We can get -EAGAIN when writing to a socket for one of two reasons.

1/ The accounting done by the network layer reports that the socket has
   used all the buffer space it is allowed
2/ kmalloc failed.

In the first case we are certain to get a ->sk_write_space callback
when space becomes available.  In the second case there is no such
guarantee and we need to wait a short time.
sk_stream_wait_memory does exactly this calculating 'vm_wait' with
a magic formula which this patch copies.

The current code will always check if the socket is writeable after
preparing to receive the ->sk_write_space callback.

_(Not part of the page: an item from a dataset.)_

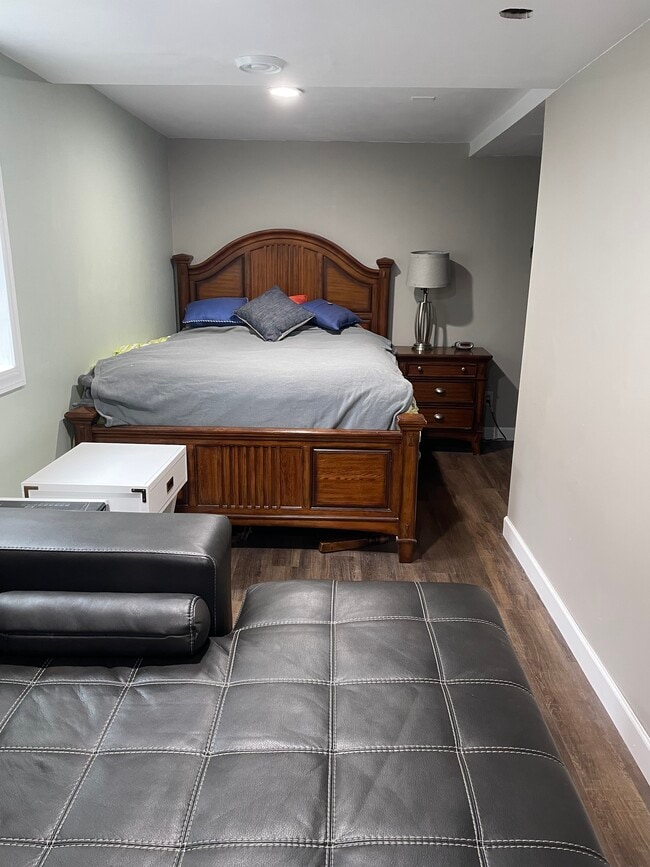 Building Photo - 2505 Zinran Ave S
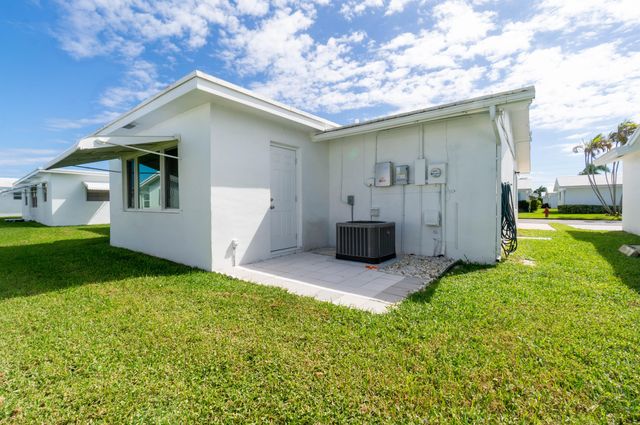 2391 SW 13th Terrace, Boynton Beach, FL 33426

In the kmalloc-failed
case this is usually true so the task is immediately woken, so it spins until
kmalloc succeeds, causing CPU wastage and soft-lockup messages.

So when calling xs_nospace() we check if the socket is actually writeable.

If it is, we assume a kmalloc failure (which may be inaccurate) and
set a timer for a short random wait after which we try again.  We
always wait in this case, possibly longer than needed, but not very long.

If the socket is not writeable, we follow the current path which will cause
the task to sleep until the socket is writable.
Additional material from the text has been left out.